As the equity market pulled back from all-time highs last month, the VIX moved from 12.5 to 50.3 in less than a week! Ironically, the liquidation of many of the short volatility positions presented new opportunities for those who resisted the temptation to follow the herd. With this recent rise in volatility, it could be time to talk about a risk-defined strategy that is designed to capitalize on elevated volatility levels in a range-bound market: the short iron condor.

Iron Condor Risk Graph


Example of an iron condor with four strikes: 45-strike put (long), 50-strike put (short), 55-strike call (short) and 60-strike call (long). For illustrative purposes only. 

A short iron condor is a four-legged spread constructed by selling one call vertical spread and one put vertical spread simultaneously, in the same expiration cycle. Typically, both vertical spreads are out-of-the-money and centered around the current underlying price. Similar to a single vertical spread, the risk is determined by the distance between the strikes of the vertical. See figure 1.

For example, if the vertical spread is $2 wide, the risk would be $200 per contract, minus the credit received for selling the iron condor, plus transaction costs. In the best-case scenario, the underlying stays between the two short strikes through expiration, and both vertical spreads expire worthless. This would allow a trader to keep the full credit that the iron condor was sold for, minus transaction costs.

Let’s look at an example. Suppose a trader would like to place a neutral short iron condor on XYZ trading at $52.50. To create the position, the trader could sell a 47.5 put and buy a 45 put and a sell a 55 call and buy a 57.5 call for a combined credit of $0.70. This would give the trader a $7.50 range — between the put with a low strike at 47.5 and call with a high strike at 55 — in which the trade could achieve its maximum profit potential. The position would have an upside breakeven level of $55.70 and a downside breakeven level of $46.80, as shown in figure 1. If the stock remains between the short $47.5 and $55 strikes through expiration, the maximum potential profit would be $70 per contract, minus transaction costs, which is the credit received when initiating the position. 

The maximum potential loss would be $180 per contract plus transaction costs, if the underlying closed below the long 45 put strike or above the long 57.5 call strike at expiration. See figure 2.

Iron condor risk profile


The upside breakeven level for this example iron condor is at $55.70 and the downside breakeven level is at $46.80. Data source: Cboe Global Markets Chart source: the TD Ameritrade thinkorswim® platform. For illustrative purposes only. Past performance does not guarantee future results.

When volatility levels are elevated, so are the credits that can be collected when selling an iron condor. Any increase in volatility typically expands an option’s premium, which inflates prices of the individual vertical spreads.

The short iron condor is a neutral strategy when centered around the current underlying price, but it can be made bullish or bearish by skewing it toward either of the verticals.

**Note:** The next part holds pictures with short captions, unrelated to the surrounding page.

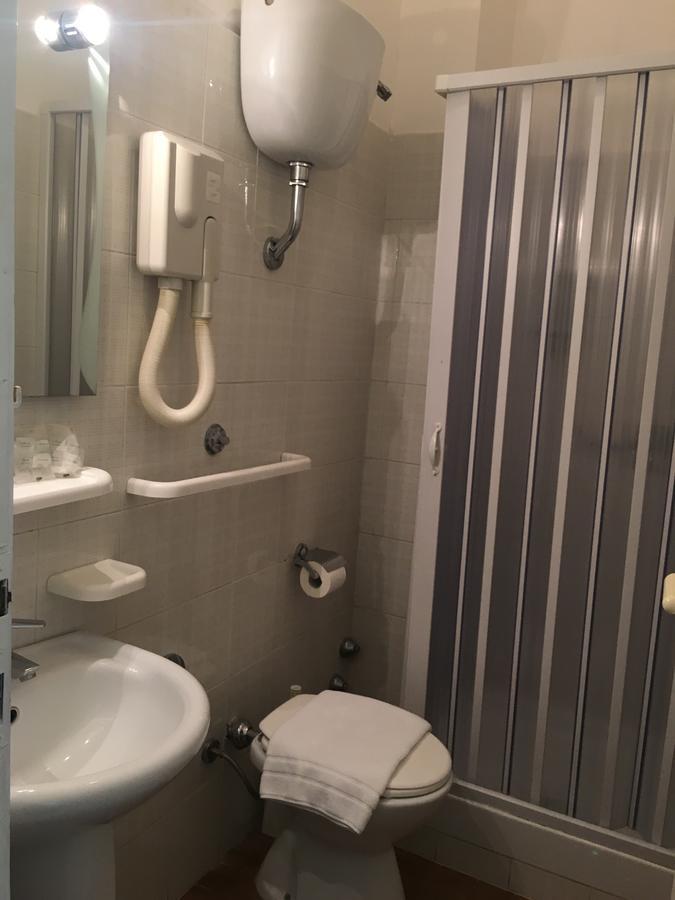Hotel Casa Per Ferie Oasi San Giuseppe 3*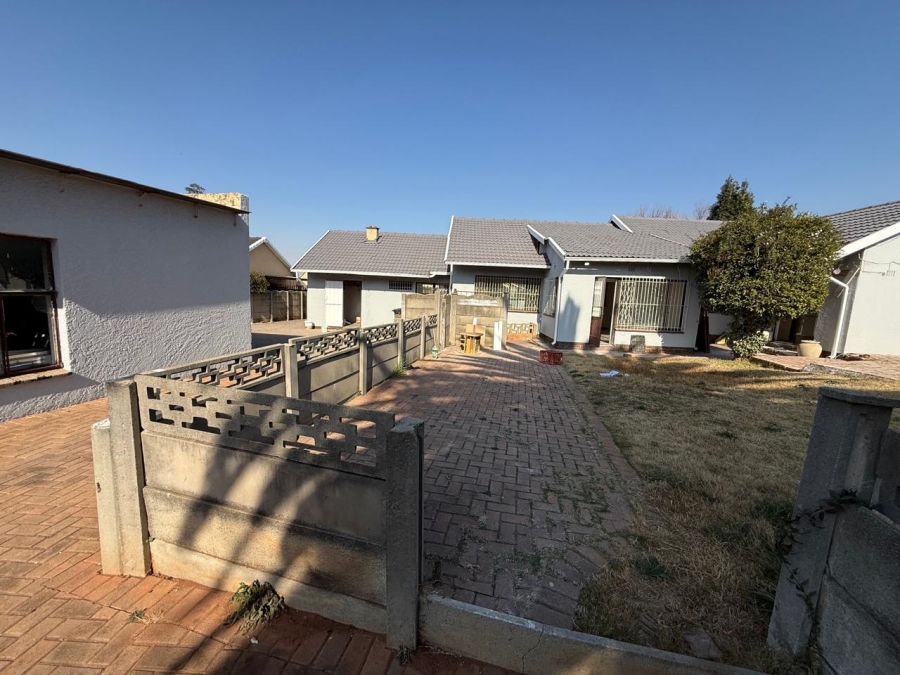 4 Bedroom Property for Sale in Hazelpark Gauteng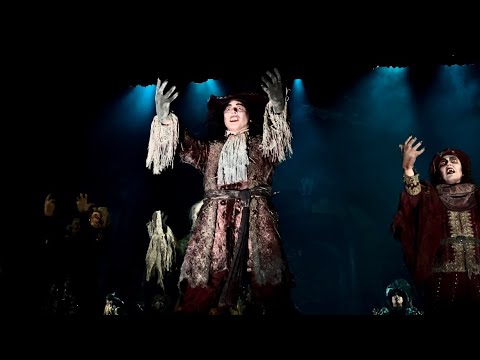 Видео: Бал вампиров. Вечная жизнь 31.08.2022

The short iron condor is a potential strategy to implement in times of uncertainty. It allows a trader to create a position that takes advantage of excessive risk premium in a risk-defined manner. By initiating this position, a trader is making two basic assumptions: that current volatility is elevated and will decrease at some point before the position expires; and the underlying will remain between the two short strikes of the iron condor through expiration. The key is to understand that fear-driven markets all come to an end eventually, and a short iron condor can be used when a trader feels fear is about to subside.

Spreads, iron condors and other multiple-leg option strategies can entail substantial transaction costs, including multiple commissions, which may impact any potential return. These are advanced option strategies and often involve greater risk, and more complex risk, than basic options trades.